Head of UK5G
With the government predicting that 5G will achieve £173Bn incremental revenue in its first decade, UK factories have been running trials of this new technology for just over a year.
Initial results suggest that manufacturing could see a 1% increase in productivity from this new technology thanks to improved service quality, increased understanding of machine health and decreased machinery downtime.
Reducing machinery downtime
Sensor networks in a factory are nothing new. But 5G enables the connection of considerably more sensors in the same area and real-time data analysis, both of which can improve a factory floor manager’s decision making process. This idea of a dense sensor network gathering data on pressures, vibrations, temperatures and more, is the Massive Machine Type Communications pillar of 5G.
Worcester Bosch is one of the companies leading the charge in the trials of 5G in manufacturing. The team there believe that 5G has the potential to increase the efficiency of their plant by using such a sensor network to reduce the amount of time that machinery is out of action. They have installed 100 5G-connected sensors and two high resolution cameras on the factory floor. This equipment currently only focuses on the upstream section of production where the components are made as it is more heavily automated than the assembly area.
When comparing the speed of 4G and 5G-connected robots, Nokia found that the latter offered huge 260% productivity gain thanks to 5G’s significantly lower latency.
Improvements to customer service
Another manufacturer in the Worcestershire 5G Consortium, one of the six use case trials funded by the Department for Culture, Media and Sport of which Bosch is a part, is the machine tool builder Yamazaki Mazak. This company is deploying 5G to save customers time and money and provide a higher level of service quality.

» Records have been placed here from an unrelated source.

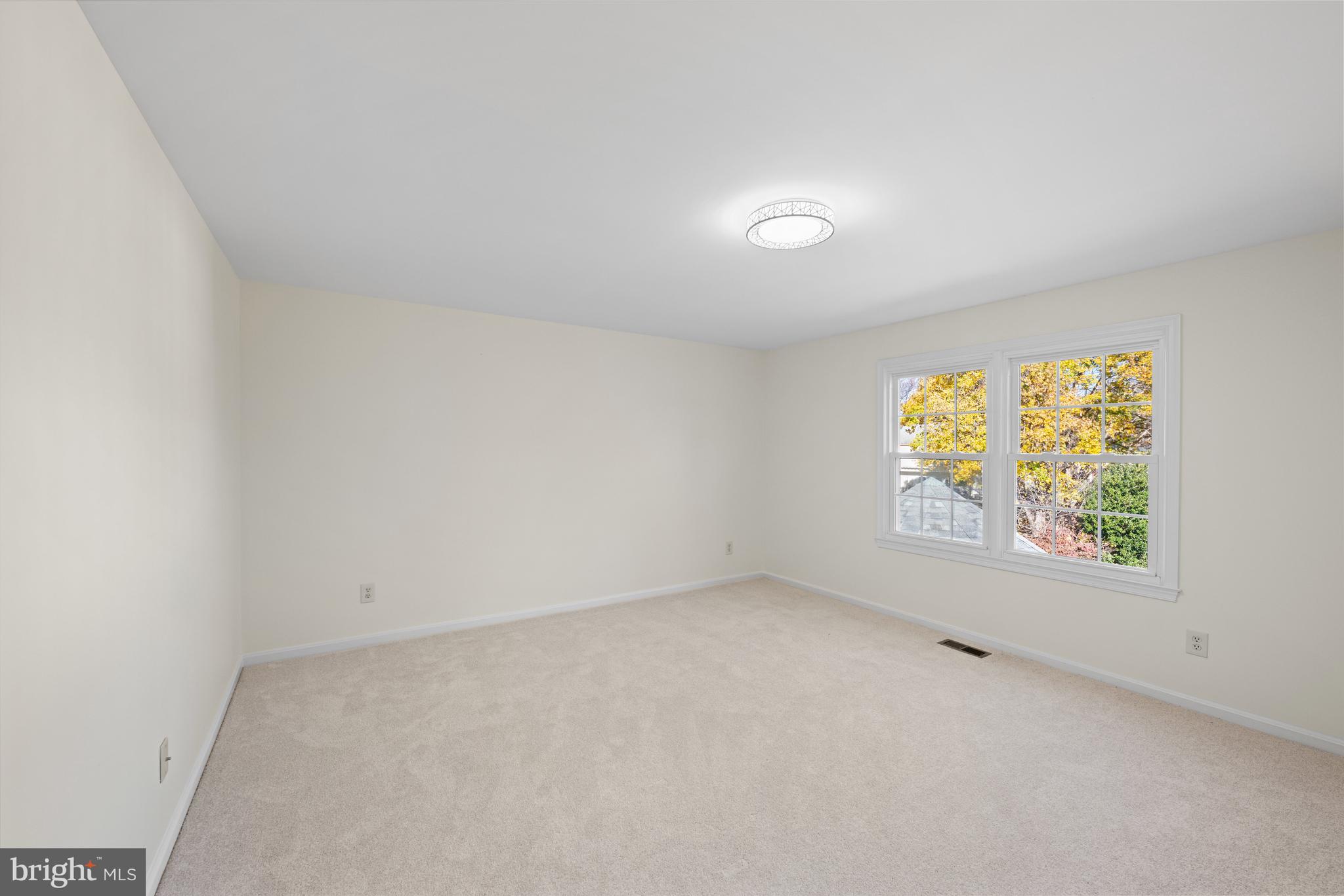 FOX HILLS - Residential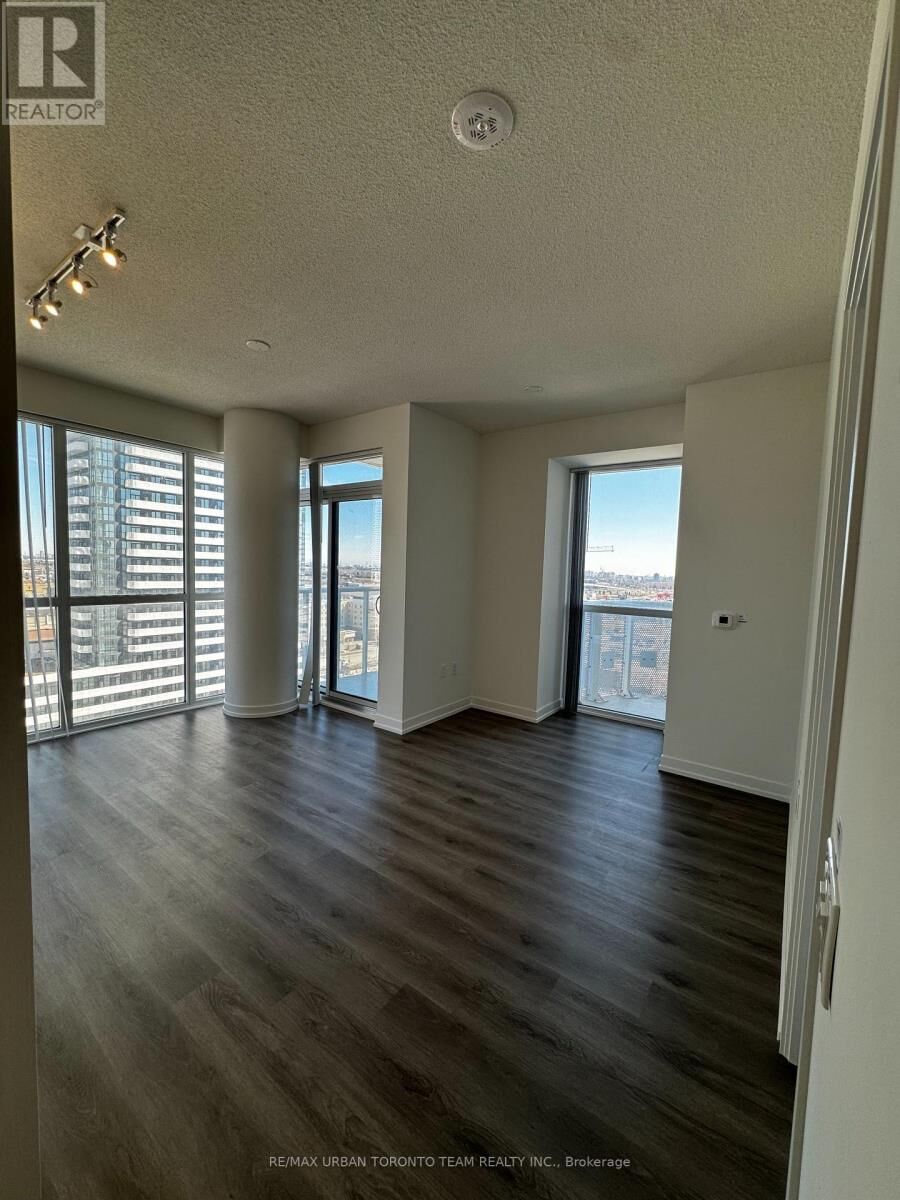 Property Photo: 225 Commerce Street 1202 ON L4K 0R1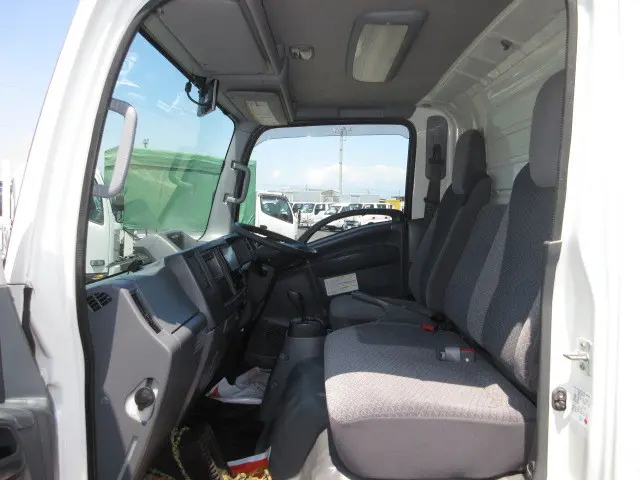 いすゞ エルフ 2RG-NMR88AN(2WD)の写真32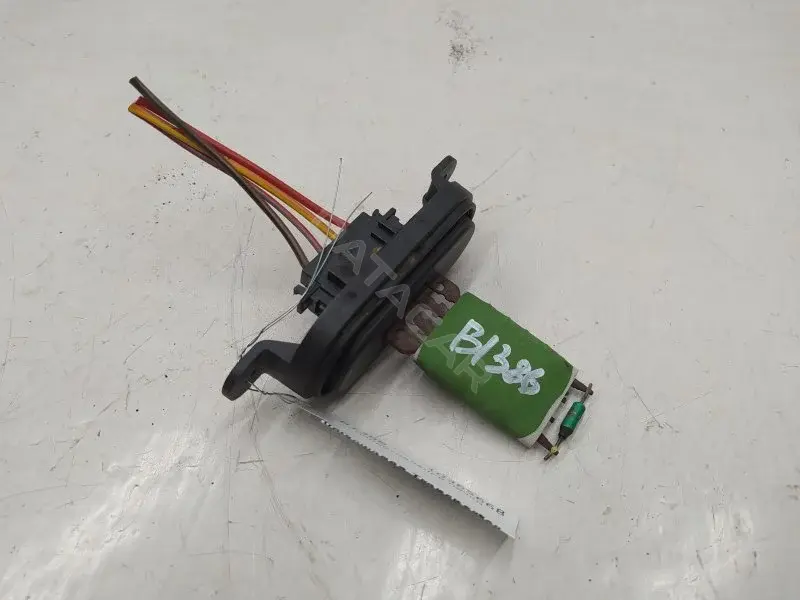 Резистор печки PA66GB20GF10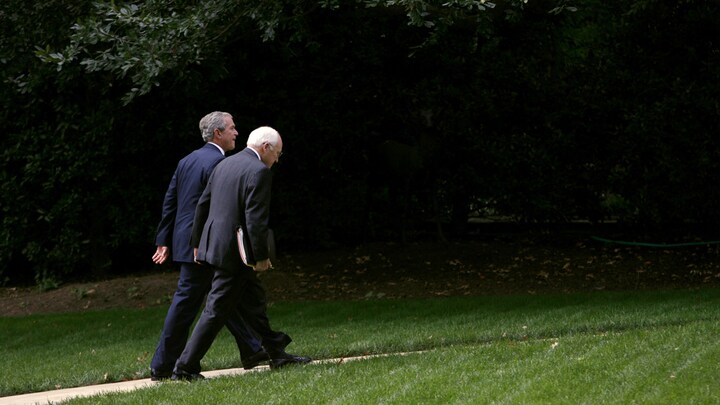 Fra superkonservativ til indædt Trump-kritiker: Dick Cheneys liv i ...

Using a 5G-enabled augmented reality headset equipped with an HD camera and a microphone, an on-site Yamazaki Mazak service engineer can stream exactly what he is seeing to a remote expert and receive step-by-step instructions instantaneously on how to fix an issue, if he is unclear how to proceed himself. This reduces the risk of service engineers needing to return for a second visit if the first respondent is not trained to handle the issue that he encounters.
Robots work faster with 5G
Elsewhere, in Nokia’s ‘factory of the future’, employees work alongside complex sensor networks, computer vision technology and autonomous robots traverse the factory floor. When comparing the speed of 4G and 5G-connected robots, Nokia found that the latter offered huge 260% productivity gain thanks to 5G’s significantly lower latency.
Collaboration is key to success
Early participants of 5G trials in manufacturing are starting to share their lessons with the rest of the community. Unsurprisingly, skills have emerged as the potential roadblock to deployment. A 5G-enabled factory will require employees that not only understand manufacturing processes, but also the IoT engineering that will enable managers to make better decisions. Ongoing collaboration and communication between the UK Government, the technology sector and manufacturers will be key to ensuring the UK fills this skills gap and maximises the productivity potential of 5G.